Es ist schwierig, die Reaktion des Militärs und der Militärpolizei auf eine Anfechtung des Wahlergebnisses von Bolsonaro vorherzusagen. So könnte Bolsonaro aufgrund von Protesten von Anhängern des Präsidenten und Zusammenstößen mit Lula-Anhängern nach der Wahl die sogenannte „Garantie für Recht und Ordnung“ ausrufen und die Armee dazu verpflichten, einzugreifen. Nicht alle Mitglieder der Streitkräfte unterstützen Bolsonaro und diejenigen, die öffentliche Erklärungen abgeben, repräsentieren nicht unbedingt die Mehrheit der Generäle. So traten die Chefs der brasilianischen Armee, Marine und Luftwaffe im März des vergangenen Jahres aus Protest zurück, nachdem Bolsonaro seinen Verteidigungsminister, General Fernando Azevedo e Silva, unvermittelt entlassen hatte. Diese Entscheidung Bolsonaros wurde weitgehend als Versuch des Präsidenten angesehen, sich mit Loyalisten zu umgeben.

Für die Streitkräfte würde die Niederlage Bolsonaros einen Verlust politischer Macht und vieler finanzieller Vorteile bedeuten.

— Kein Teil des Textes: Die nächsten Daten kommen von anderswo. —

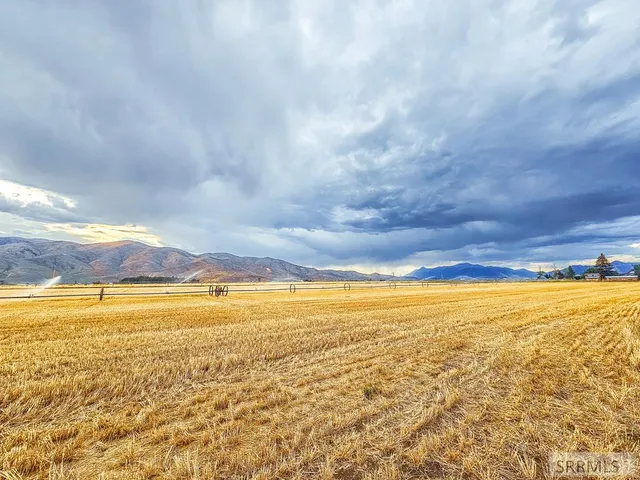 $1,200,000 | 3258 North 3350 West, Moore, ID 83255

Für die Streitkräfte würde die Niederlage Bolsonaros einen Verlust politischer Macht und vieler finanzieller Vorteile bedeuten. Schließlich erhalten die unzähligen Militärs, die derzeit politische Ämter in der Bolsonaro-Regierung oder in staatlichen Unternehmen bekleiden, häufig mehrere Gehälter. Der brasilianische Bundesrechnungshof zeigte kürzlich, dass mehr als 2 300 Militärs öffentliche Posten irregulär bekleiden, weil sie entweder zu viele Gehälter einnehmen oder weil sie für ihre Aufgaben nicht ausreichend qualifiziert sind. Hinzu kommt, dass viele Generäle und Soldaten Lulas Arbeiterpartei sehr kritisch gegenüberstehen. Lula hatte die zivile Kontrolle über die Militärs gefestigt, indem er Nelson Jobim, einen einflussreichen Politiker, im Jahre 2007 zum Verteidigungsminister ernannte – acht Jahre nachdem Präsident Fernando Henrique Cardoso dieses Ministerium ins Leben gerufen und damit den Einfluss der Generäle in seinem Kabinett reduziert hatte.  

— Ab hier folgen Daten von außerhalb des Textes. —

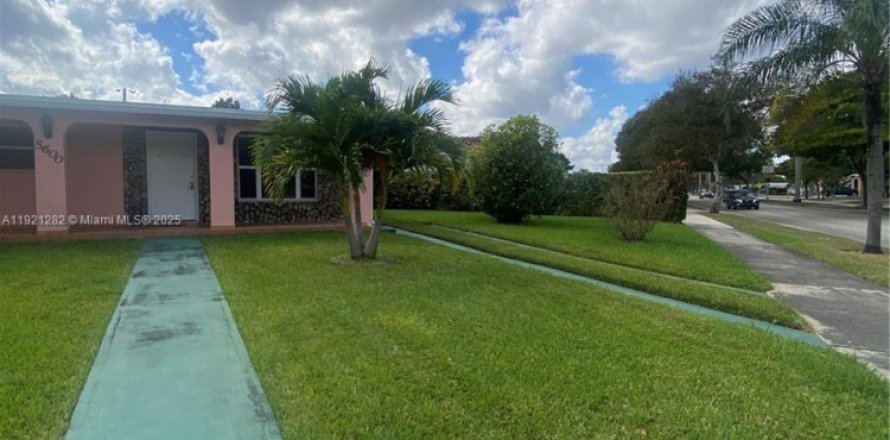 Casa en Miami, Florida 3 dormitorios, 111.3 m2 № 1975500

Hinzu kommt, dass die Regierungen der Arbeiterpartei die Nationale Wahrheitskommission gebildet hatten, die – obwohl sie nur Symbolcharakter hatte – ein kritisches Licht auf die Rolle der Armee während der Diktatur warf und von den Militärs als eine Verletzung der Amnestie interpretiert wurde. Nicht einmal die Tatsache, dass die größten Militärausgaben in der Geschichte Brasiliens unter Regierungen der Arbeiterpartei verabschiedet wurden – darunter der Kauf von Hubschraubern, Kampfflugzeugen und U-Booten aus Frankreich –, hielt zahlreiche Militärs davon ab, Bolsonaros radikale Anti-Lula-Haltung enthusiastisch zu unterstützen. Symbolisch steht hier der berüchtigte Tweet des ehemaligen Armeechefs Villas Bôas aus dem Jahr 2018, in dem er mit einem Eingreifen des Militärs drohte, sollte der Oberste Gerichtshof beschließen, Lulas Gefängnisstrafe auszusetzen. Vier Jahre später, nachdem die Gerichte die Korruptionsprozesse gegen Lula für ungültig erklärt hatten und ihm den Weg zurück in die Politik ebneten, steht Lula vor der Rückkehr in den Präsidentschaftspalast – wenn Brasiliens Generäle nicht Bolsonaros autoritäre Ambitionen unterstützen.